Killing of another blogger sparks protest
Condemning the murder of a fourth blogger in the last six months in Bangladesh, New York-based secularist group Center for Inquiry (CFI) yesterday demanded that the Bangladeshi government and the wider international community overcome their ambivalence toward the acts of terror and act decisively to protect people's rights to free expression.
"What was already a human rights crisis has not spun entirely out of control, and it is now long overdue for the government of Bangladesh to take seriously its moral responsibility to protect the lives of its people," said Ronald A Lindsay, president and CEO of CFI, in a statement.
"The rights to free expression and dissent must be protected and cherished, and these killings must be stopped now," he said.
The same statement quotes CFI's main representative to the United Nations, Michael De Dora, as saying, "These acts of terror, largely motivated by an absolute intolerance for any kind of religious dissent should mobilize the world community to end what is an outright challenge to civilization."
Secularist blogger Niladri Chattopadhyay, who discussed atheism and religion on Facebook and helped found the Bangladesh Rationalist Society, was hacked to death in his apartment in Dhaka yesterday, by Islamist militant suspects posing as prospective tenants.
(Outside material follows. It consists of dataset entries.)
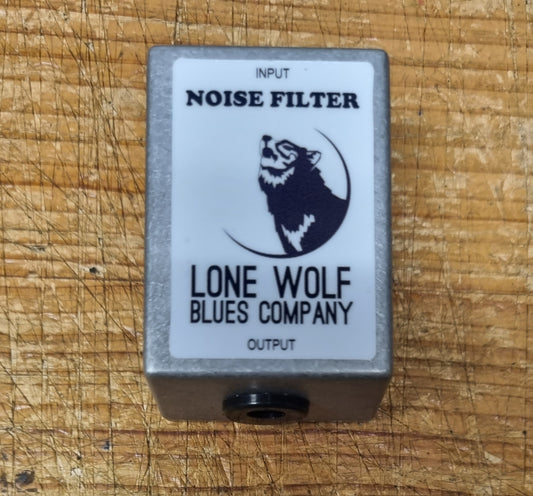 Lone Wolf Blues Company - Noise Filter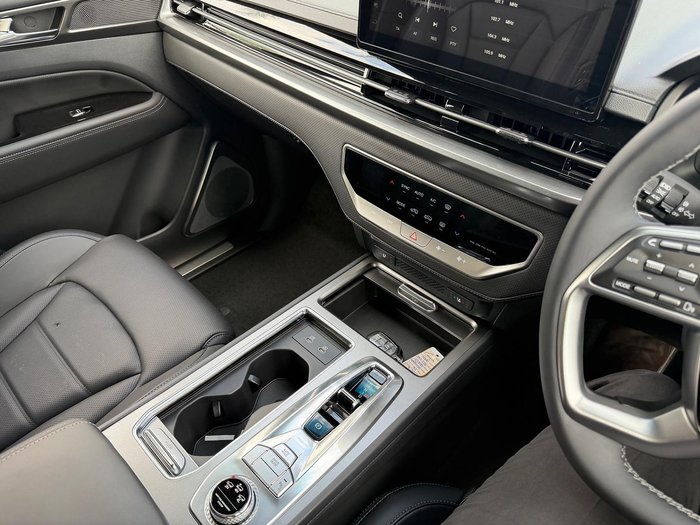 2025 KGM Rexton Advance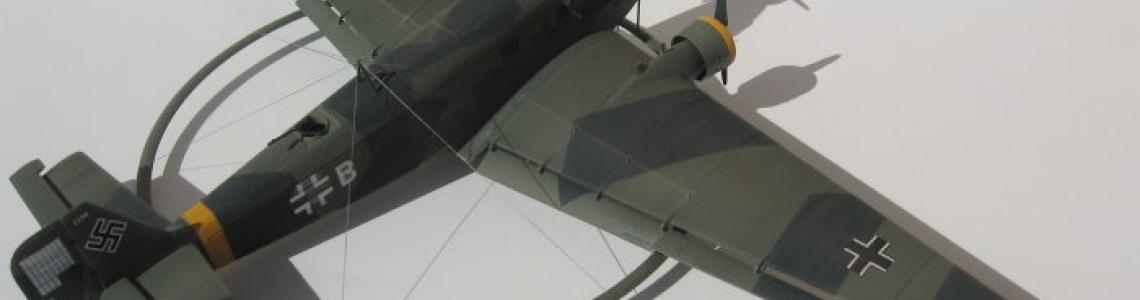 Junkers JU-52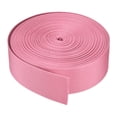 thumbnail image 1 of Flat Nylon Webbing Strap 2 Inch 20 Yards Pink for Backpack, Luggage-rack, 1 of 7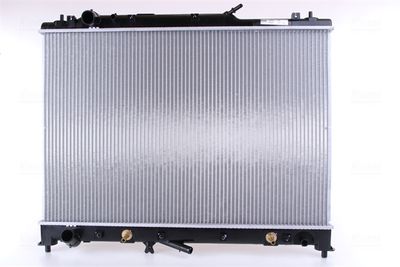 Радиатор, охлаждение двигателя NISSENS 68525 для MAZDA CX-9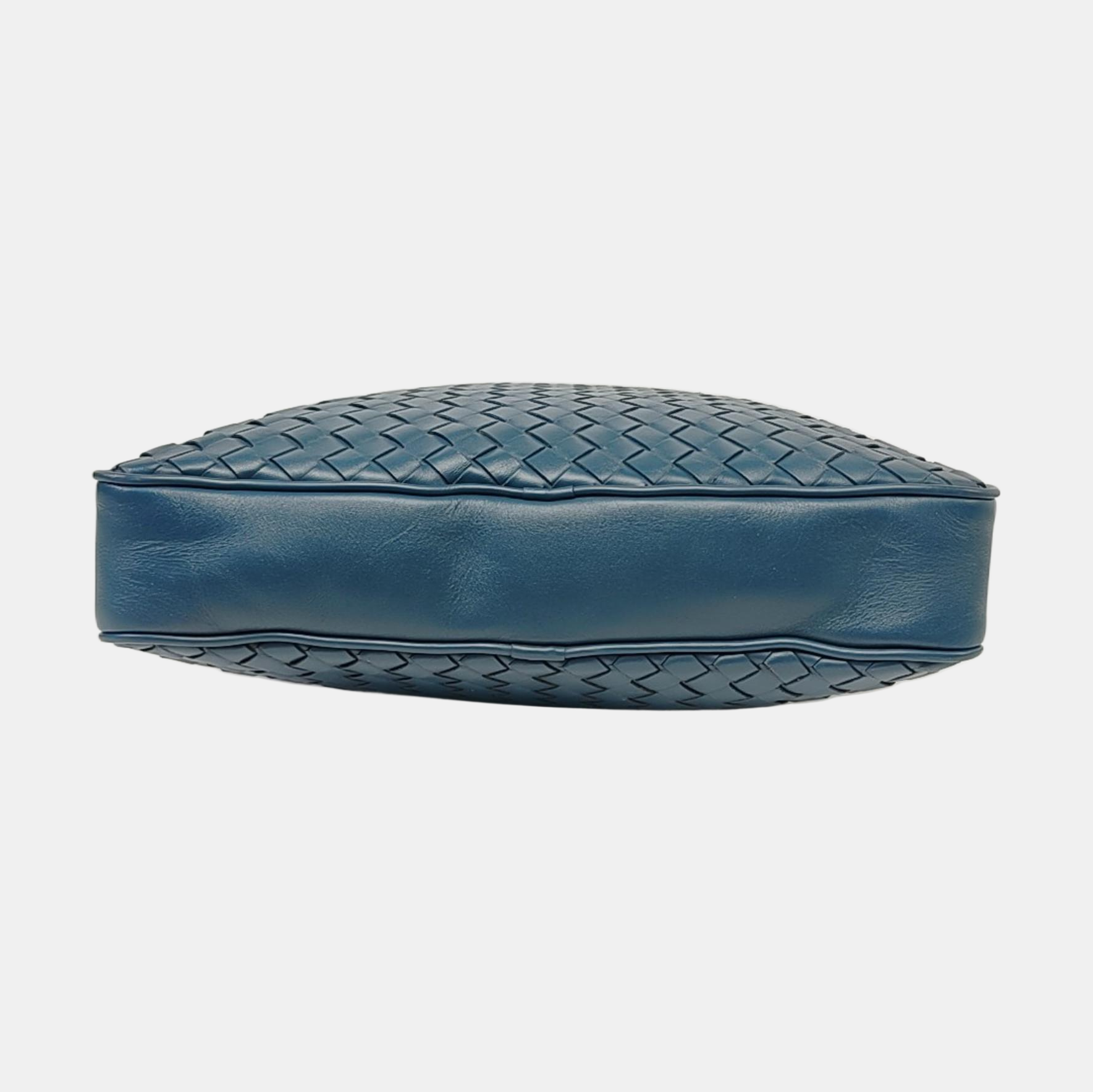 Calfskin Blue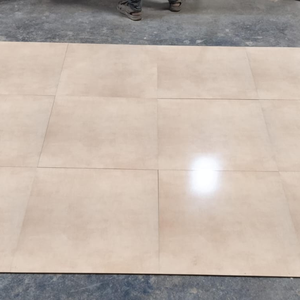 Azulejos de Cerámica Digitales de 60x60cm, Aspecto de Mármol, Superficie Brillante, para Pisos Interiores - Product Image 2
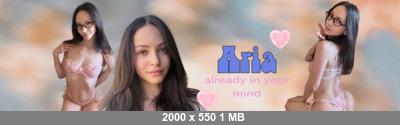 Ariastormyy 14052026 - Aria - Onlyfans SiteRip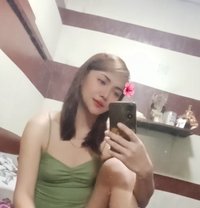 Angel - Transsexual escort in Manila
Meanwhile, referring to the incidents of police declining to record a general diary by the slain blogger after he had received threats on his life, the faction of anti-war crimes platform Gonojagoron Mancha led by Imran H Sarker said the government had failed to protect the lives of the people, and its role was contradictory.
Addressing a protest rally at the capital's Shahbagh, Imran said, "The people who reproach the prime minister or ministers are arrested immediately. But no steps follow even if bloggers are being threatened openly in social media."
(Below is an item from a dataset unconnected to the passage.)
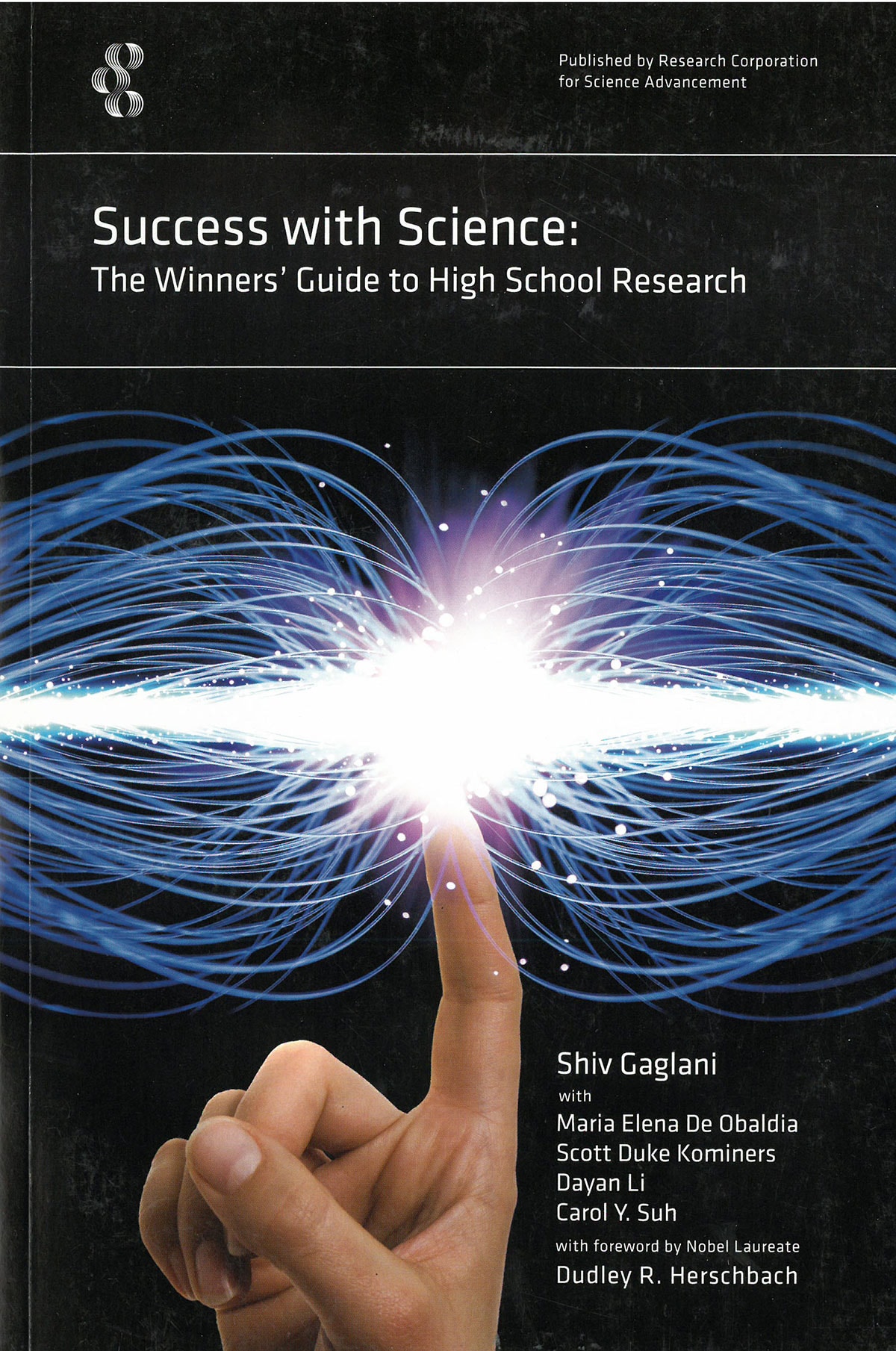 Success with science cover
In a statement, the United National Awami Party (UNAP) said the killing reflected the failure of the government as well as the state.
Similar murders are recurring because the previous killers were not brought to book, it said.
The Bangladesh Online Activist Forum demanded exemplary punishment for the killers of Niladri, who wrote under the penname Niloy Neel.
In a statement, the platform said the assassins were encouraged by the silence and disunity of bloggers and delay in prosecution.